Um convite à interação permanente com o visitante, uma história que se reinventa numa outra história e passa a ter um novo sentido, uma outra narrativa, como um reencontro com “Aquele” que para quem o olha, pode levar a algo mais transcendente do que o primeiro intuito. Pois a obra de arte depois de exposta deixa de ser do autor e passa a ser de quem a transporta na memória e que de alguma forma lhe tocou.

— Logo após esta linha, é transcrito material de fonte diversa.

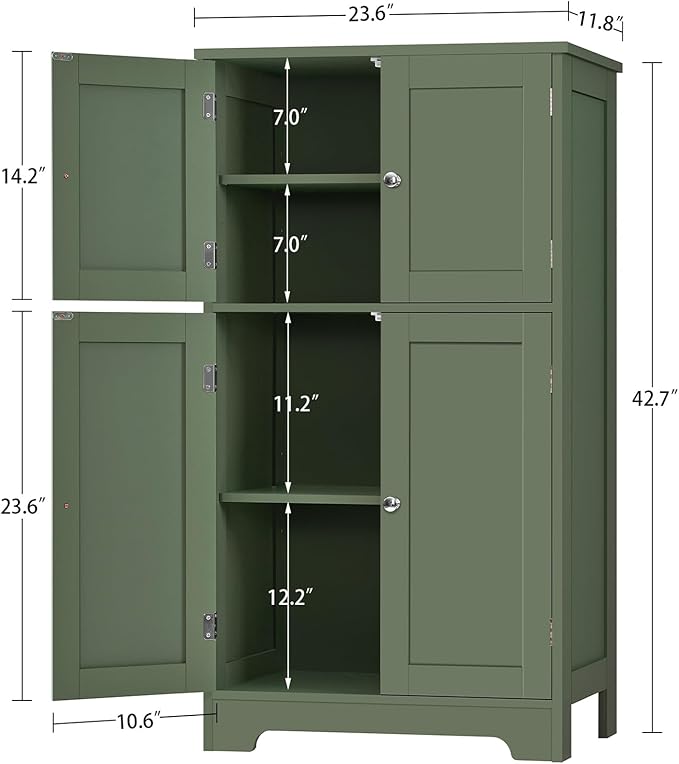 TEENFON Bathroom Floor Storage Cabinet, Freestanding Bathroom Cabinet with 4 Doors & 2 Adjustable Shelves, Cupboard, Floor Cabinets for Living Room, Entryway, Office, Forest Green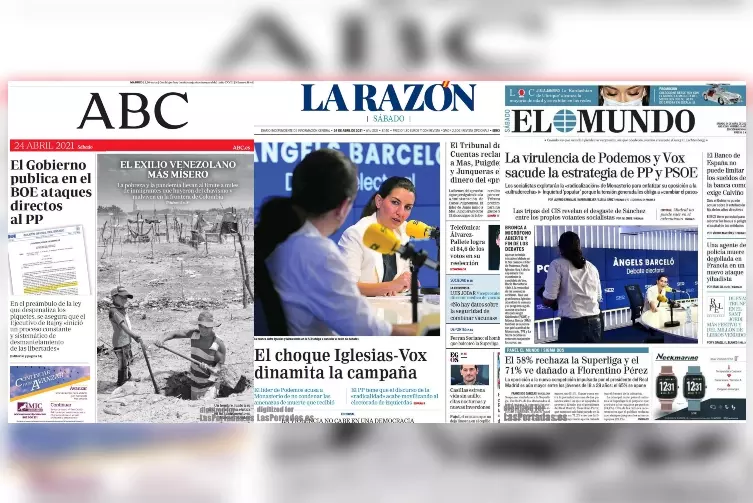 Las portadas de la prensa de derechas tras los insultos de Monasterio: 'El  Mundo' y 'La Razón' culpan también a Iglesias y 'Abc' saca a Venezuela |  Tremending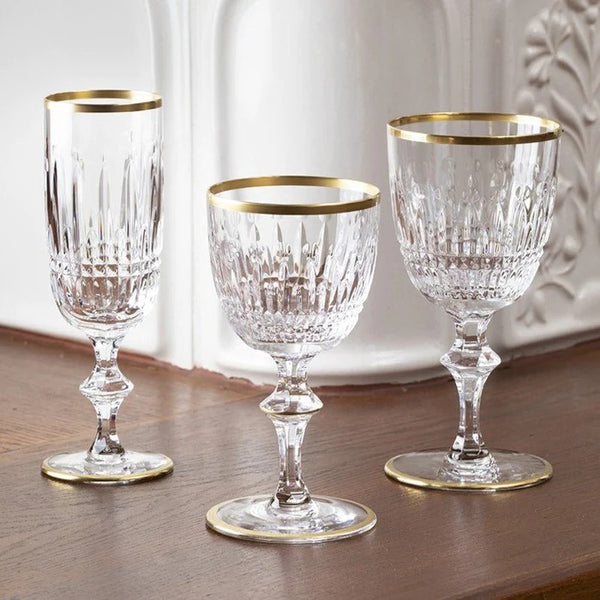 Sophia Gold Inlaid Red Wine Glass, Set of 6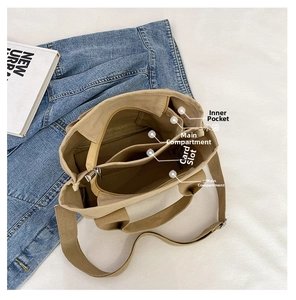 Top view of beige canvas tote bag interior showing double main pockets and card slots
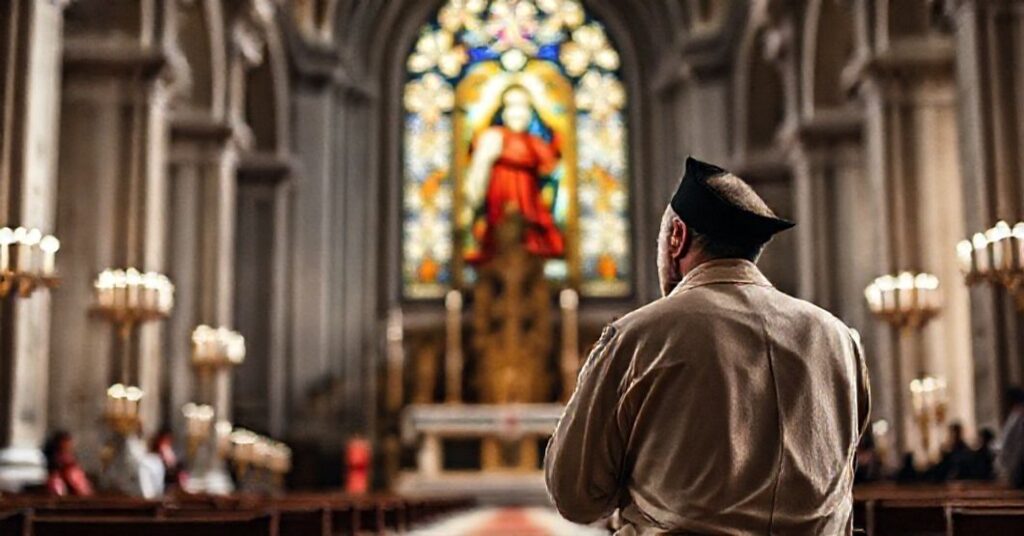 A devout Catholic man kneeling in prayer inside St. Mark's Basilica in Venice, reflecting on the spiritual significance of the sacred site.
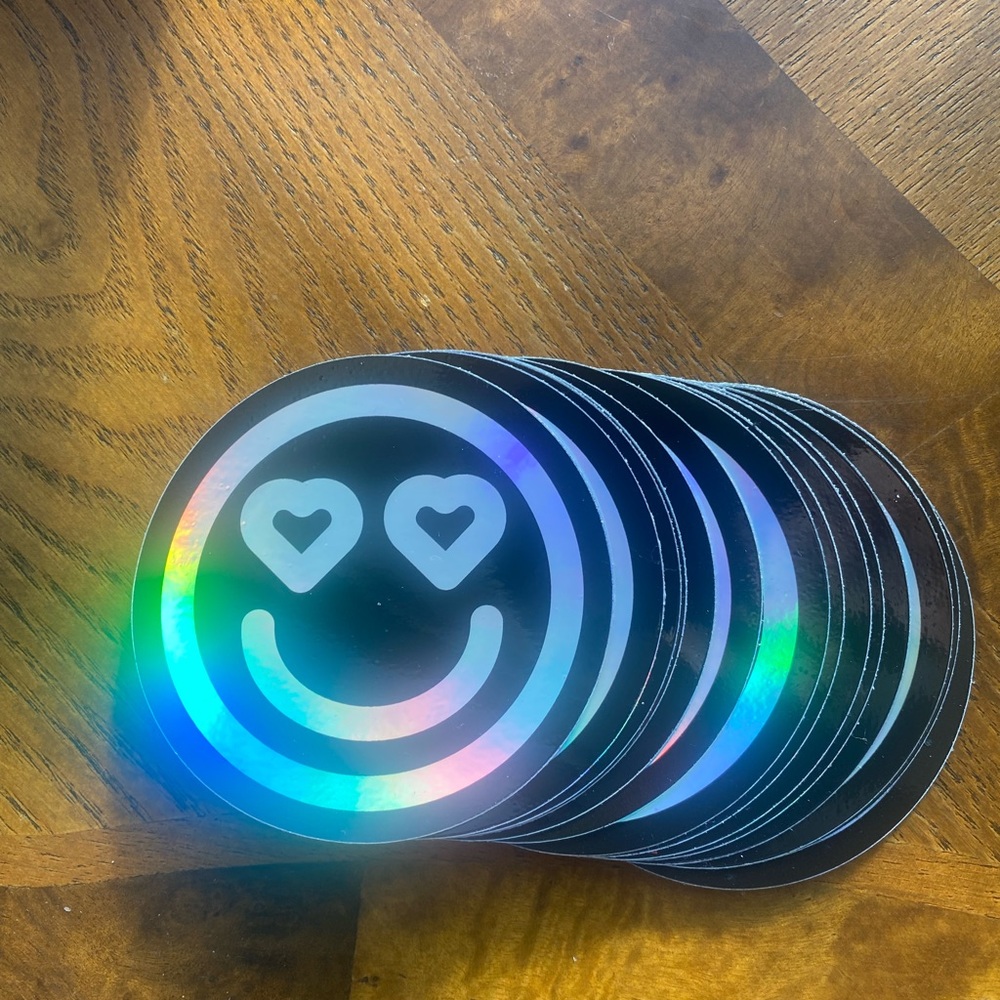 14 cute holographc heart eye emoji stickers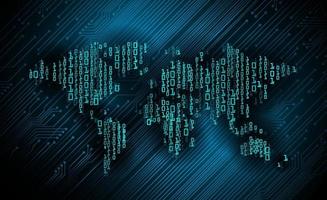 Tecnología futura de la placa de circuito binario mundial, fondo azul del concepto de seguridad cibernética de hud vector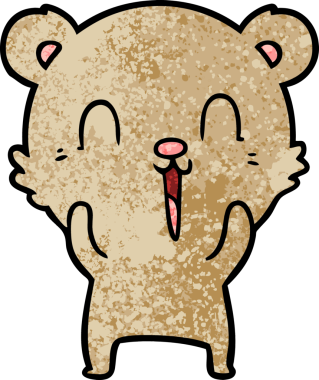 Bir insan tarafından çizilmiş mutlu çizgi film ayısı.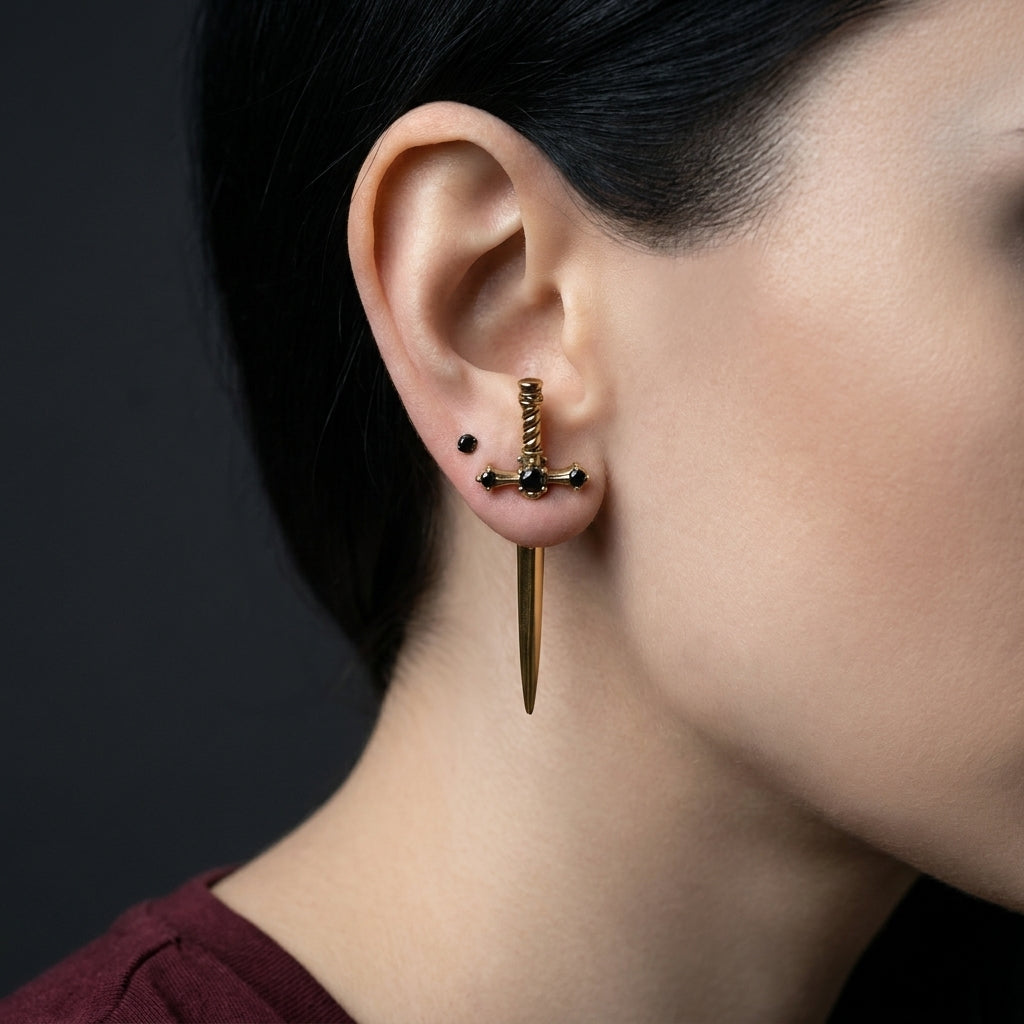 Gothic Dagger Drop Earring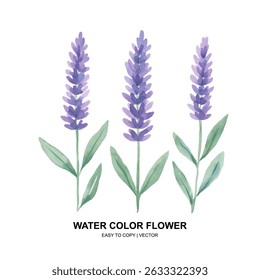 Bright watercolor flowers and leaves in soft pastel tones. Perfect for spring-themed designs, wedding invites, or elegant floral decor and patterns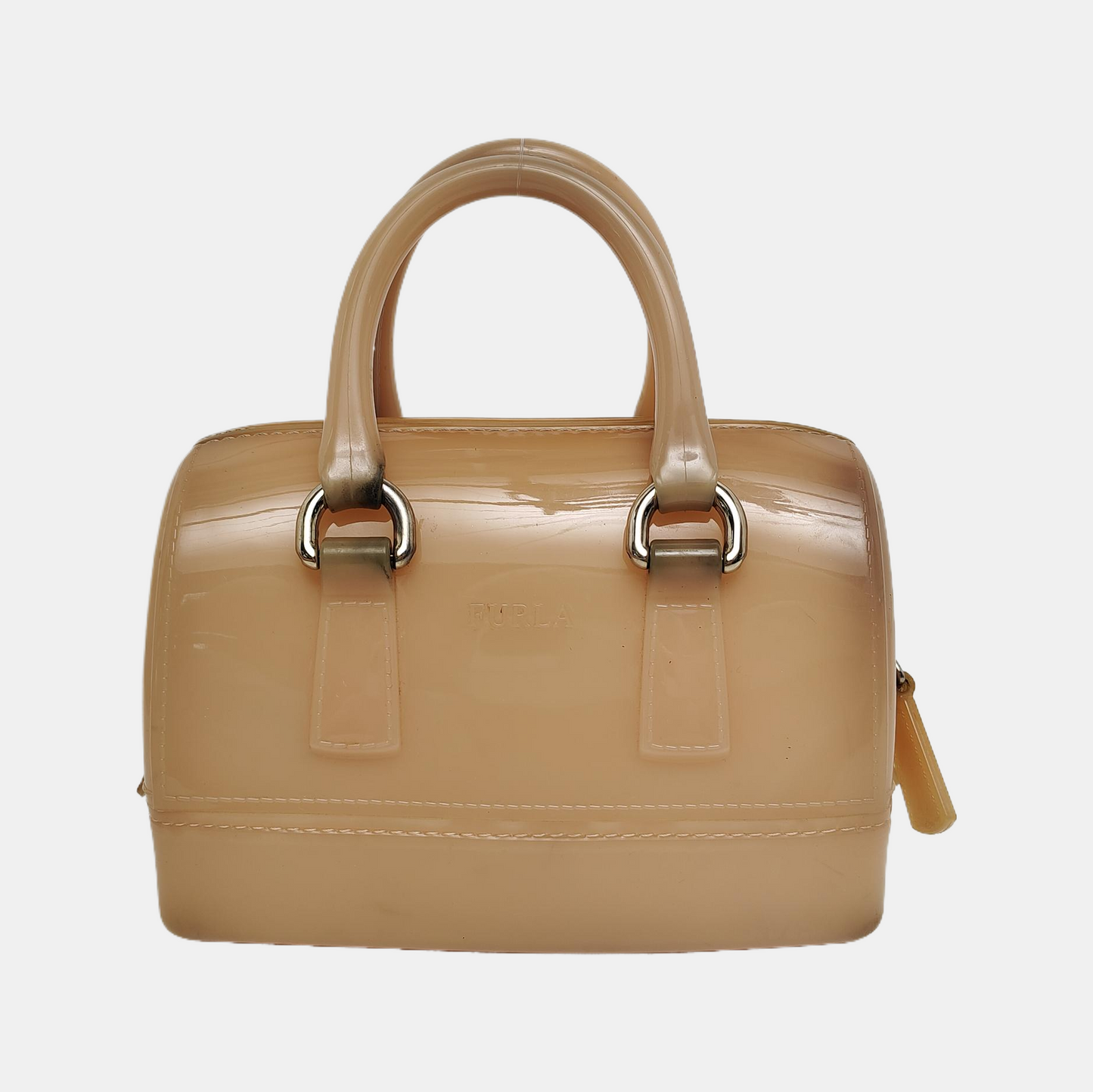 FURLA Candy mini Beige Special Material Crossbody Handbag Single Shoulder Bag Golden hardware Removable shoulder strap-(SKU)-940910047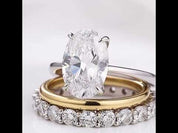 3.5 Carat Oval Cut Simulated Diamond Option Wedding Ring Set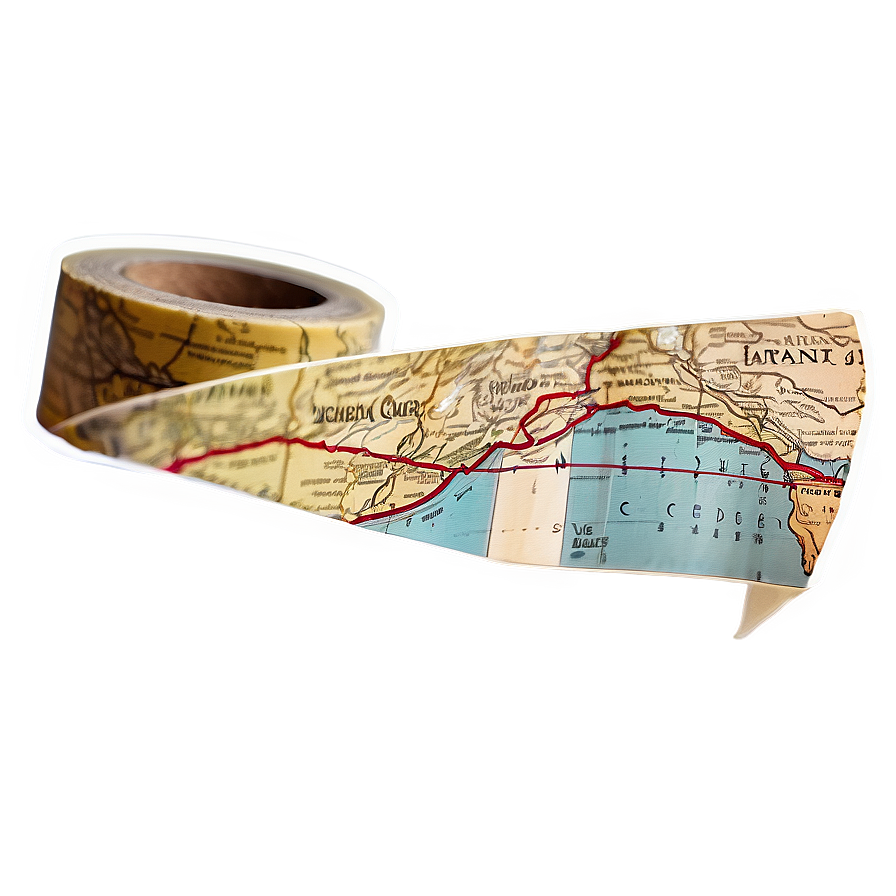 Vintage Map Washi Tape Aesthetic Png 06272024 PNG Image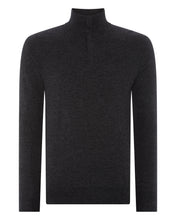 Load image into Gallery viewer, N.Peal Men's The Regent Fine Gauge Cashmere Half Zip Jumper Dark Charcoal Grey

Não há palavras que melhor definam Cristo, não há maior explicação do que na forma de o dizer em Arte. Como num poema, a Arte exprime o indizível e nos eleva mais próximo do sublime.
Quem melhor do que um artista para nos falar da paixão de Cristo? Quem melhor do que um homem que, através da sua arte, tão simplesmente imprime na matéria orgânica que é o barro, toda uma paixão em saber fazer?
O artista entrega-se pela obra numa total doação, esse dom que o aproxima do divino, que toca apenas alguns, esses escolhidos.
“A utilização da figura de Cristo faz sentido para a Igreja Católica, mas não deixa de ser uma apropriação, porque Cristo é de todos. Esse homem sem tempo, a relevância que ainda tem, continua eficaz e as pessoas olham para essa figura que as questiona, como se as olhasse. Há uma permanência no tempo.” Esta partilha do autor, explica esse seu fascínio pela figura de Cristo, pois o inquieta.
A partir do dia 15 de Abril e até 31 de Outubro vai ser possível visitar a exposição de escultura de Alberto Vieira “Braços Abertos”, no Tesouro-Museu da Sé de Braga.
A exposição está acessível de Segunda-feira a Sábado, entre as 10h00 e as 13h00 e entre as 15h00 e as 18h00.
O acesso é feito a partir da Loja do Museu, situada na Rua D. Diogo de Sousa, nº 114.
A entrada é gratuita.
Alberto vieira desenvolve o seu trabalho desde 1986, nas áreas de cerâmica, vidro e outros materiais.
Realizou exposições individuais e coletivas em museus e galerias e participou em projetos de arte urbana. Das exposições individuais, destacam-se as realizadas no Paço dos Duques de Bragança em Guimarães (1994), no Museu da Olaria de Barcelos (1995), nas comemorações do Bimilénio da cidade de Braga (2000), no Museu Alberto Sampaio em Guimarães (2007) e no Museu da cidade de Aveiro (2019). Participação em Bienais e exposições coletivas:
Bienal Internacional de Cerâmica de Aveiro, Bienal de Cerveira; Feira de Arte de Gant na Belgica; World Ceramic Biennal Korea; Exposição coletiva do Museu do Vidro da Marinha Grande- Contemporâneos; Biennale Internacionale Ceramique Coraine Contemporaine Vallauris, Internacional Ceramic &Glass Art Exchange Program 2008-2009 (Japão); Bienal de Cerâmica d’Esplugues (Barcelona) e exposição da Associação de Ceramistas da Catalunha em Barcelona (2020)
Prémios: 1º prémio Concurso Design Cerâmico, (Caldas da Rainha, 1992);
1º Prémio no IV Prémio Edinfor de Escultura (1998);
Prémio Baviera na XII Bienal Internacional de Cerâmica (2003)
Prémio Diputació de Valencia na VI Bienal Internacional de Cerâmica (2003)
Grande prémio da 7ª Bienal de Artes Plásticas da Marinha Grande (2008),
3ª Prémio Bienal Internacional de Cerâmica Artística (Aveiro,2015),
Prémio VIARTES 2015 –Concurso de Arte Pública (Porto 2015 em Coautoria)
1º Prémio da Bienal internacional de Cerâmica artística (Aveiro, 2017).
Participou em residências artísticas em Barcelona (Espanha) e Seto (Japão).
O seu trabalho está representado em coleções particulares, espaços públicos e museus nacionais e estrangeiros.